Dalam video berdurasi lima menit itu terlihat sekelompok anggota ISIS berada di dalam gedung Museum Mosul. Mereka menggunakan palu dan bor untuk menghancurkan beberapa patung kuno besar koleksi museum. Lalu adegan beralih ke situs arkeologi yang tak jauh dari lokasi museum memperlihatkan sejumlah anggota ISIS menghancurkan patung kerbau bersayap peninggalan budaya Assiria dari abad ke-7 sebelum masehi. Beberapa hari sebelumnya, ISIS juga menyerang dan membakar Perpustakaan Mosul tempat penyimpanan sekitar 8.000 manuskript alias naskah kuno.
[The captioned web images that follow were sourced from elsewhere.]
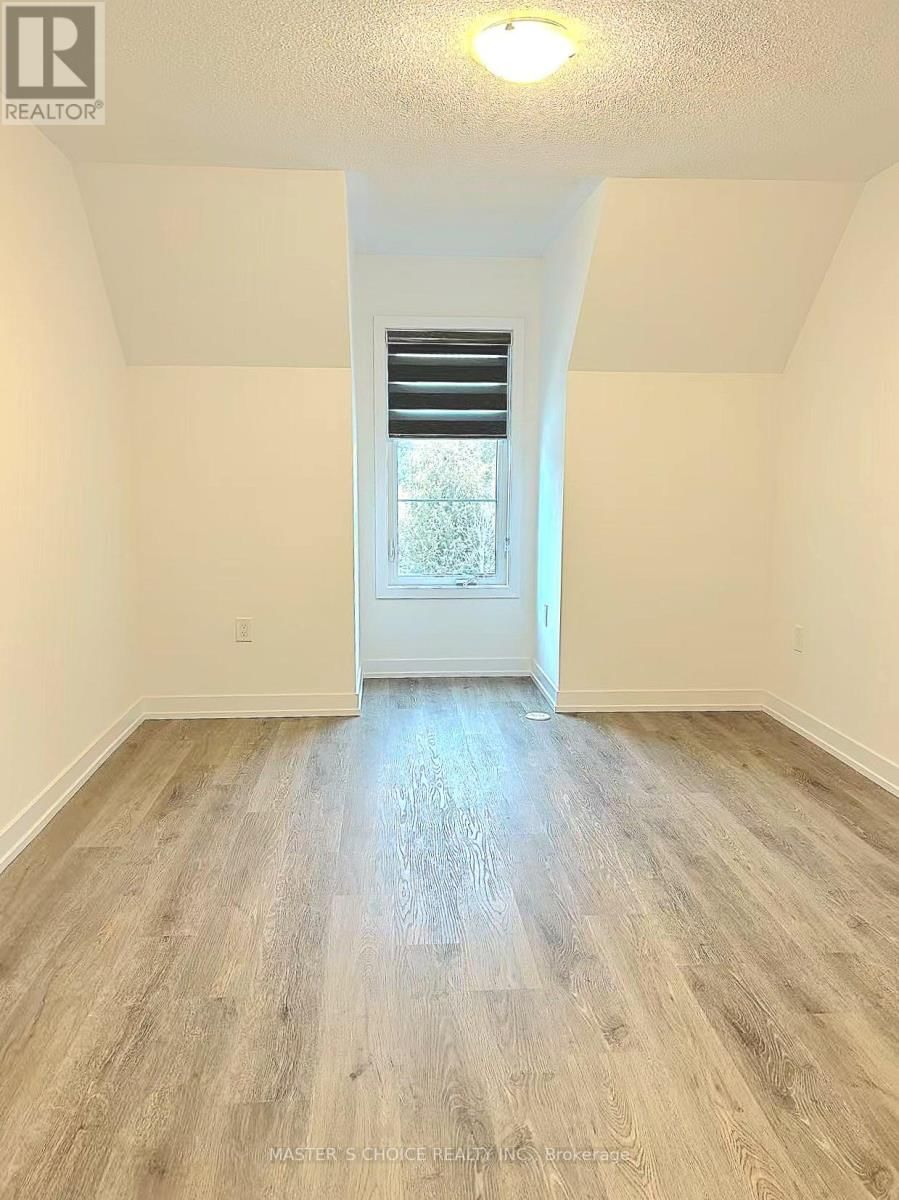 92 LYALL STOKES CIRCLE Image 31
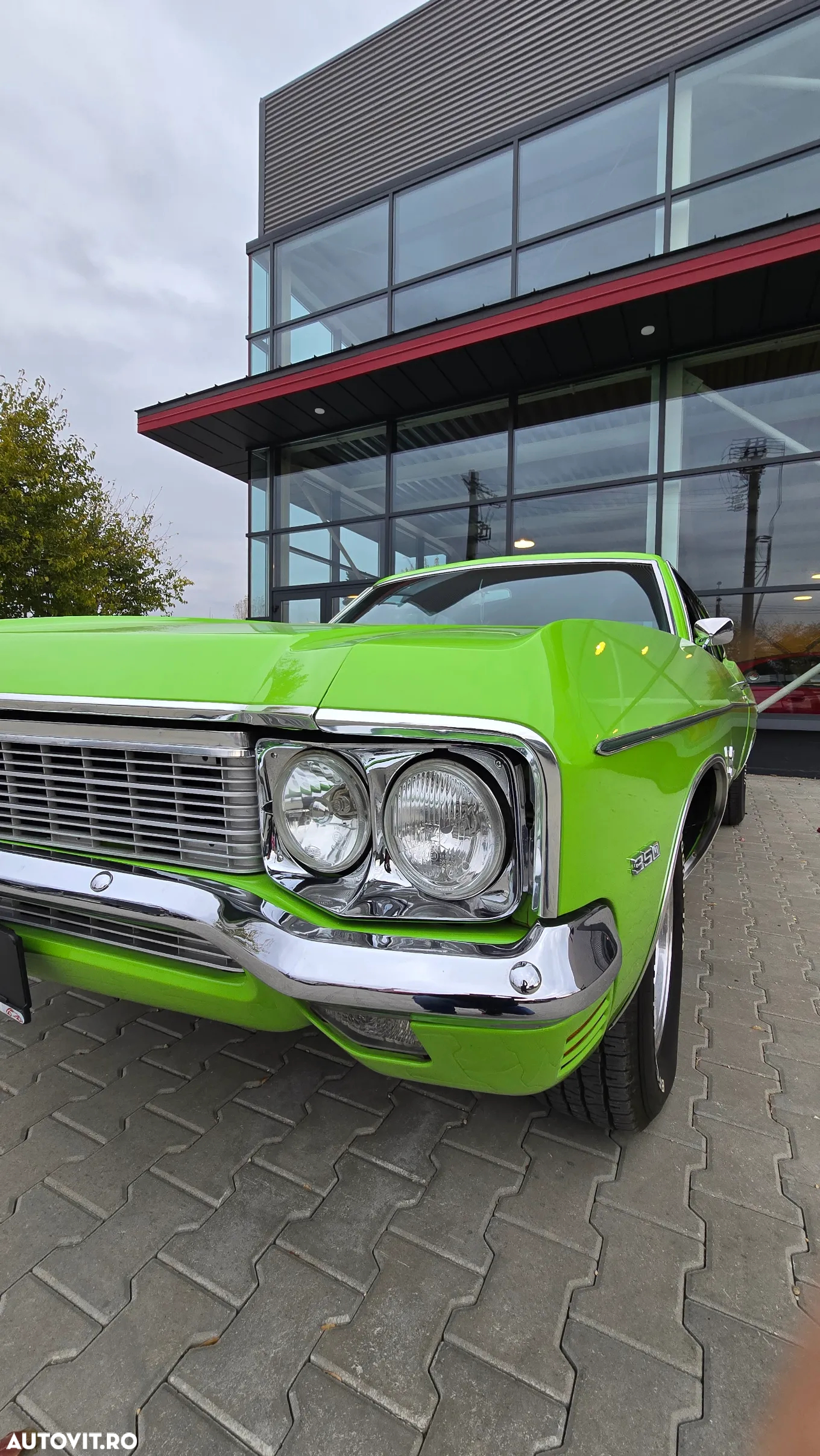 Chevrolet Impala - 2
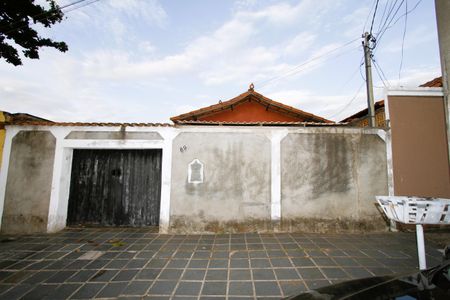 Casa à venda com 219m², 4 quartos e 4 vagascasa 2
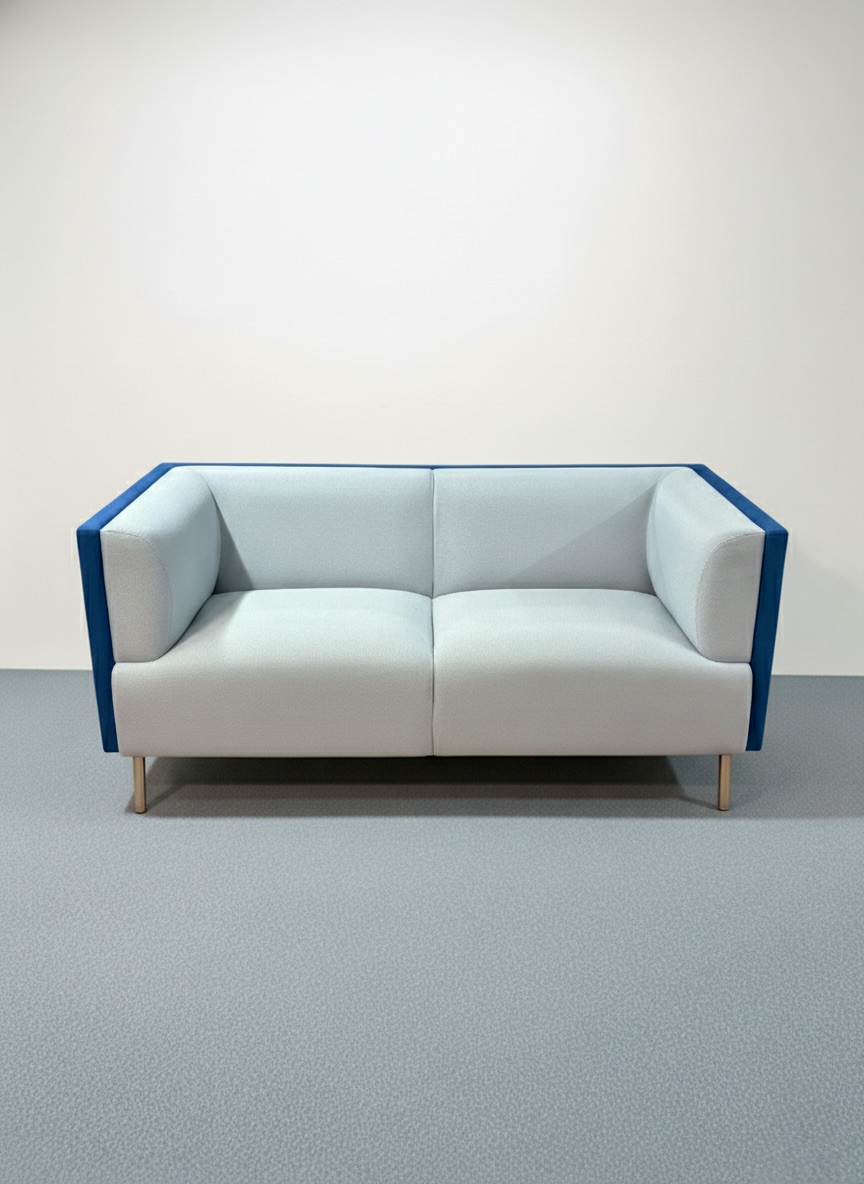 Canapé Tryst de chez Connection en tissu bleu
Itulah yang terjadi di Irak dan Suriah, dua kawasan yang menjadi ajang petualangan kelompok teroris yang mengatasnamakan Islam ini. Belum juga setahun mendeklarasikan dirinya, ISIS sudah membuktikan diri sebagai milisi paling brutal dan liar. Aksi-aksi pembumihangusan warisan sejarah peradaban manusia yang tak ternilai harganya itu melengkapi aksi pembantaian sadis yang mereka lakukan terhadap siapa saja yang mereka anggap berada di luar kelompok mereka.
Modus operandi penghancuran beragam warisan peradaban itu sebenarnya sangat sederhana dan mudah ditelusuri. Mereka menganggap bahwa segala macam tempat bersejarah harus dimusnahkan karena “berpotensi” akan dikultuskan dan menjadi objek penyembahan. Di sisi lain, “pemurnian akidah” seperti ini adalah salah satu pilar gerakan mereka.
Celakanya, mereka adalah kelompok yang tidak mempedulikan pendapat kelompok lain. Bagi mereka, pendapat mayoritas ulama Islam dunia lain adalah sampah yang tak layak didengar. Mereka enggan berdialog. Mereka hanya mau melakukan aksi atas pendapat mereka sendiri soal agama. Karena itu, manakala terbuka kesempatan mengeksekusi pendapat, mereka bersegera melaksanakannya, tanpa mempedulikan pihak manapun di luar mereka.
Dengan semua reputasi yang sudah ditunjukkannya itu, bisa dipastikan bahwa jika kelompok ini sampai mendapat sedikit ruang untuk bergerak di Indonesia, hal yang sama juga akan menimpa negeri tercinta ini. Beragam warisan budaya dan peradaban Indonesia akan juga diluluhlantakkan oleh mereka. Tokh dalam pandangan mereka, Indonesia juga sebenarnya medan jihad lain yang hanya menunggu giliran untuk digarap, ketika kesempatannya memang terbuka.
(Liputan Islam/ABNS)
Inilah salah satu sisi lain dari ancaman nyata ISIS bagi NKRI. Sebelumnya, kita mengenal keburukan ISIS dari sisi kekejamannya, perlawanannya terhadap NKRI, sikap intoleransi yang berpotensi memecah-belah kesatuan bangsa, serta kebiasaan mereka untuk menebar fitnah dan kebohongan. Kini, kita tahu bahwa ISIS juga adalah entitas yang mengancam peradaban.